Thursday, 17 December 2009

Call for Abstracts: Bournemouth Qualitative Conference

8th International Qualitative
Research Conference

6 – 8 September 2010

Talbot Campus
Bournemouth University

Call for Abstracts

http://www.bournemouth.ac.uk/hsc/international-qualitative-research-conference-2010.html

Including:

Performative Social Science

http://www.bournemouth.ac.uk/hsc/international-qualitative-research-science.html

PERFORM, INVOLVE, PARTICIPATE

Saturday, 12 December 2009

Sometimes I feel like Susan Boyle...

Jeffrey is using his blog and autoethnography to navigate his PhD at Lancaster. He often asks me short, concise 'just the facts, ma'm' kinds of questions on the blog or in response to my postings.

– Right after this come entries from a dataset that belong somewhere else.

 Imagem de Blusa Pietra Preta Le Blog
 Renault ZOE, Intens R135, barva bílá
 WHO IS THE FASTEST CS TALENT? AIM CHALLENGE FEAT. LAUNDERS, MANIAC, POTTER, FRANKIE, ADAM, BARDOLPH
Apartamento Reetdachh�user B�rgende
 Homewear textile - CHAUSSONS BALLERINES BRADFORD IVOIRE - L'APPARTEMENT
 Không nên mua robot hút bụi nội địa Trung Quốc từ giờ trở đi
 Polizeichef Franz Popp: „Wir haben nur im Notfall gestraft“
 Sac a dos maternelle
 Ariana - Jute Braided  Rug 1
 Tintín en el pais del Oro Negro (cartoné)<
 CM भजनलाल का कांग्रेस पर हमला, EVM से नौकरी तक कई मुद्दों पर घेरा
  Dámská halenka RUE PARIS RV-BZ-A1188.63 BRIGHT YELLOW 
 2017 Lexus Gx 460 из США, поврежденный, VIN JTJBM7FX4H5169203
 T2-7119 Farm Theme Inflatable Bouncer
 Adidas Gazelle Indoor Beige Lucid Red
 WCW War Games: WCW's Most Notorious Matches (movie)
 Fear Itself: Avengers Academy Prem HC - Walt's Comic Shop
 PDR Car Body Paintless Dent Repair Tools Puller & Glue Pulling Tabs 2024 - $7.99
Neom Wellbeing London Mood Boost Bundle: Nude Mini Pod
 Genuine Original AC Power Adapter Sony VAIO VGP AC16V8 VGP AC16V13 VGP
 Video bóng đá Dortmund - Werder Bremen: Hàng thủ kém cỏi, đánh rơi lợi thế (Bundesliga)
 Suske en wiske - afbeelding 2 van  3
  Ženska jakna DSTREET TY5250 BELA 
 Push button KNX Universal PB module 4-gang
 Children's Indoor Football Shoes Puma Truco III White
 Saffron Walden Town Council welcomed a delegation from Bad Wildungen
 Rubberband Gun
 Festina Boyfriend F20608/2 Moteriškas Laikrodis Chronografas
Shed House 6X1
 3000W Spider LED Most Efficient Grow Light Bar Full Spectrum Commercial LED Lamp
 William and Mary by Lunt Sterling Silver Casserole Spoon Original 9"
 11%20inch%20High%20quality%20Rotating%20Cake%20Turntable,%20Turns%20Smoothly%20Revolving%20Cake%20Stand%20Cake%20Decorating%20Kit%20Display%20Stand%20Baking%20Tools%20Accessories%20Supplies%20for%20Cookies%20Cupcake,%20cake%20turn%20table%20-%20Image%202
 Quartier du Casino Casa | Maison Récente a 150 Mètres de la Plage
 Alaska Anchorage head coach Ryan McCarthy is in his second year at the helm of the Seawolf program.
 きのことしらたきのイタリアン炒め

I feel like Susan Boyle. She is answering questions such as 'What's your favorite meal? What's your favorite show tune?" in videos on her website. Yoko Ono answers 10-15 questions from 'readers' a week on Twitter. The era of the fast and furious, no-nonsense reply is upon us.

Jeffrey asks (Do you like that use of the newspaper-style breezy present tense?):
  • Kip, I think you hit on the reason why autoethnography may be so contentious a method! From this vantage, how would you define this (especially for those who find it easy to confuse the two)?
'My personal story is simply one of the raw materials used to produce my product. What I construct stands alone for what it is (a story, a painting, an A/V production), but comes to life when it engages with the response that it instils in the reader/viewer/audience, “… those wonderful people out there in the dark!”' Rough talk and chocolate brownies

In the best autoethnography, I am always a minor character and/or a conduit to a time, place and other people. I become fictional through writing. I am the sorcerer who reminds the audience of themselves.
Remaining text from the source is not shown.